#### [Dataset extract]
• • • •

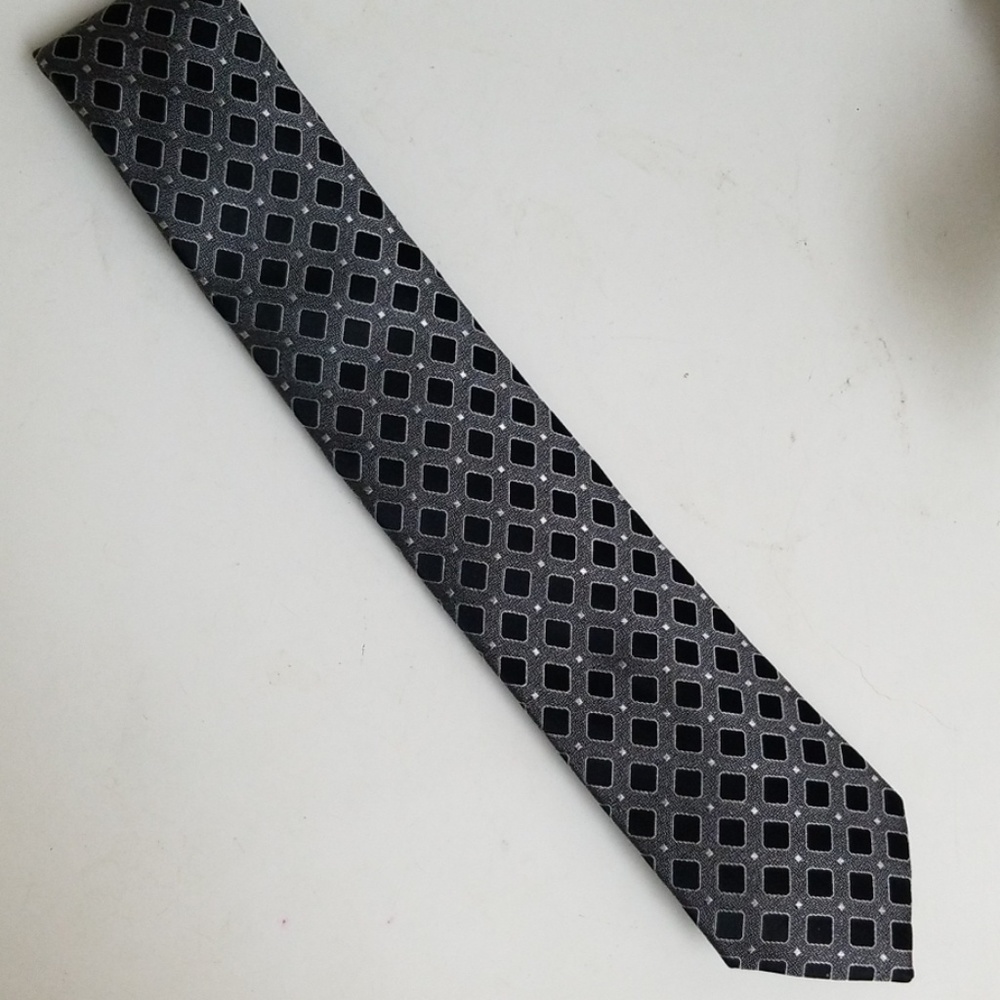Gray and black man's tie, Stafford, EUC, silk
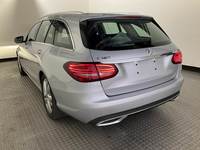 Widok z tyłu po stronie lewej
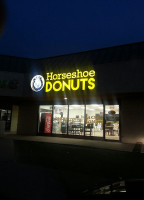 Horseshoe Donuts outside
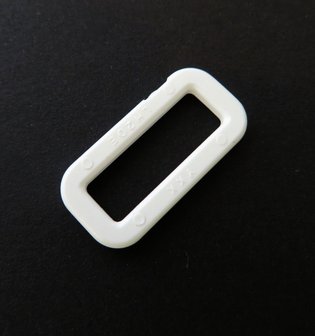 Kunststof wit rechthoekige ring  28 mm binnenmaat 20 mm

• • • •

#### [Your goal]
Restate the data word for word while omitting each picture.

#### [Solution for this exercise]
Gray and black man's tie, Stafford, EUC, silk
 Widok z tyłu po stronie lewej
 Horseshoe Donuts outside
 Kunststof wit rechthoekige ring  28 mm binnenmaat 20 mm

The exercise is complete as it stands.